By Atia Sahdat, OTS Solicitors
Following the initial changes made to the UK immigration rules on 9th July 2012, the entire UK immigration system became increasingly stringent in granting both entry clearance to non-EEA nationals as well as granting leave to remain for those individuals already in the UK.
Although there were many vast changes, one of the main changes implemented was in relation to the requirements for a UK spouse visa. The Home Office decided to introduce a minimum income requirement (MIR), commonly referred to as the spouse visa financial requirement. The current requirement states that British citizens or settled persons intending to sponsor their non-EEA spouse/partner for a spouse visa, for both in-country and entry clearance applications, must satisfy the minimum gross annual income threshold of £18,600. The financial requirement further stipulates that for those sponsoring children as well as their spouse, the British citizen/settled person would need to earn an additional £3,800 for the first dependent child and £2,400 for each further child. The financial requirement would not only need to be met at the initial application stage but also for all extensions including the final application for Indefinite Leave to Remain as a spouse visa falls under the five-year route to settlement.
The changes were certainly not welcomed and the case of MM (Lebanon) & Others v the Secretary for the Home Department  UKSC 10 is a primary example of the opposition that the changes created.
The case of MM (Lebanon) & Others v the Secretary for the Home Department  UKSC 10 concerned a Lebanese national in the UK with refugee status who was hoping to sponsor his wife from Lebanon for a spouse visa. However, MM did not meet the minimum financial requirement of £18,600 as he was only earning £15,600 gross per annum.
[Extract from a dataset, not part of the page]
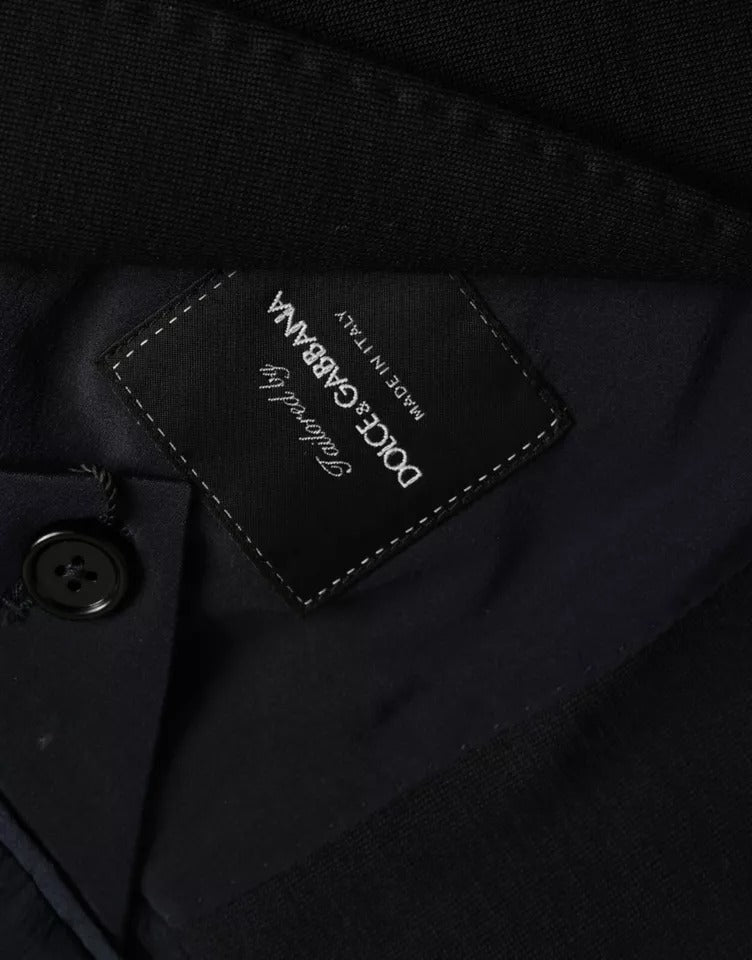 Blue wool notch single-breasted coat blazer by Dolce & Gabbana, shown on a hanger with front view and tailored details.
The issue that arose relates not only to the fact that he could not meet the financial requirement but also related to MM’s proposal that he could meet the financial requirement through third party financial support from his family members. MM argued that he could not relocate to Lebanon to continue his married life as he has a well-founded fear of persecution as a result of which he was able to successfully obtain refugee status. Consequently, the conclusive argument was that MM could not live in the UK with his wife which MM stated was an unjustified interference with his right to respect for private and family life under Article 8 of the European Convention on human rights (ECHR).
What does this mean for current spouse visa applications?
The Supreme Court judgment was provided on 22 February 2017 and as a result, the Secretary of State placed a temporary hold on assessing applications which fall for refusal on the basis of not meeting the financial requirement and/or involve a minor child; the temporary hold is said to have effected approximately 5,000 applications, a combination of both in-country and entry clearance applications.
The judgment concluded that the minimum financial requirement of £18,600 for a spouse visa was lawful and in line with Article 8 of the ECHR thus stipulating that that the minimum financial requirement should continue to be met by those applying for a UK spouse visa.
What are the new changes to the spouse visa requirements under the UK immigration rules?
Although the case of MM (Lebanon) & Others v the Secretary for the Home Department  UKSC 10 appears to have been unsuccessful in removing the financial requirement, the case did have a positive outcome to some extent.
One of the positive outcomes is the amendment made to paragraph 21A of Appendix FM-SE which now makes a provision for other reliable sources of income or finance to be taken into account in order to satisfy the financial requirement if refusal of the application would be in breach of Article 8 of the ECHR.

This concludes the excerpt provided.